1.3.3 Population structure and kinship cause confounding effects in GWAS
Any factor contributing to LD can inflate the significance of GWAS result because the associations between markers and phenotypes determine the results of GWAS (Huang & Han, 2014; Soto-Cerda & Cloutier, 2012; Korte & Farlow, 2013). The confounding is created when LD is formed by only different allele frequency among families or among subpopulations. Two main confounding effects are the population structure, the distant common ancestry of a population, and the kinship, the existence of relatedness in a relatedness-unknown population (Astle & Balding, 2010). So far, the mixed linear model is a standard procedure to correct both confounding factors (Astle &
Balding, 2010; Korol, Ronin, Itskovich, Peng, & Nevo, 2001; Yu et al., 2006; Zhang et al., 2010). However, population structure and kinship actually reflect a part of the genetic nature in a studying population rather than a problem. Simply using any correction could underestimate the genetic factors (Vilhjálmsson & Nordborg, 2013).
Therefore, the correction would be strongly recommended when performing a candidate gene research but would be optional when investigating the genetic architectures of a given trait (Korte & Farlow, 2013).
The most practical method to correct population structure into GWAS would be the
integrations of the matrix from principal component analysis (PCA) or STRUCTURE and/or ADMIXTURE. PCA transforms a large data of possibly correlated variables into a smaller set of linearly-uncorrelated principal components (PCs) (Patterson, Price, &
Reich, 2006). The first PC has the largest variance of the observation, meaning it accounts for the largest variation, and the succeeding PCs have the largest variance in a condition of orthogonal to the former components. By reducing the variables, PCs could reflect the main pattern of the genotypic data and distinguish the genetic difference among samples. Therefore, PCA is widely applied to cluster subpopulations of a studying population and PCs are added as a matrix of fixed effect into GWAS (Price, Zaitlen, Reich, & Patterson, 2010). On the other hand, STRUCTURE and/or ADMIXTURE is an algorism that using the posterior probability to estimate the best number of subpopulations (K) (Pritchard, Stephens, & Donnelly, 2000). It identifies the simplest haplotypes among individuals and then assigns the individuals into subpopulations as probabilities. The best K can be determined by the natural logarithm of the probability of K or delta K (Evanno, Regnaut, & Goudet, 2005; Pritchard et al., 2000). Once K is determined, the probability of each individual assigned to each subpopulation can also reflect the portion of different genomes for each individual. And this probability matrix can be added as a fixed effect in GWAS.
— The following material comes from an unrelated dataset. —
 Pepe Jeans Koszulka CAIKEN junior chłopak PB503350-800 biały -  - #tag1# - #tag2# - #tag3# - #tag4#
Kinship refers to the degree of genetic relatedness and traditionally is estimated by identical by descent (IBD) while pedigree information is well informed (Jacquard, 1972). When incorporating to a pedigree-unknown germplasm, two identical alleles are considered as IBD or random sampling from a gene pool. Hence, the kinship can be modified by allele frequency and treated as the correlation coefficient of pairwise individuals (Anderson & Weir, 2007). Generally, kinship would be a random effect in GWAS because traditionally the relatedness is used to estimate the variance of heritable
components (Yu et al. 2006; Astle & Balding 2009; Zhang et al. 2010).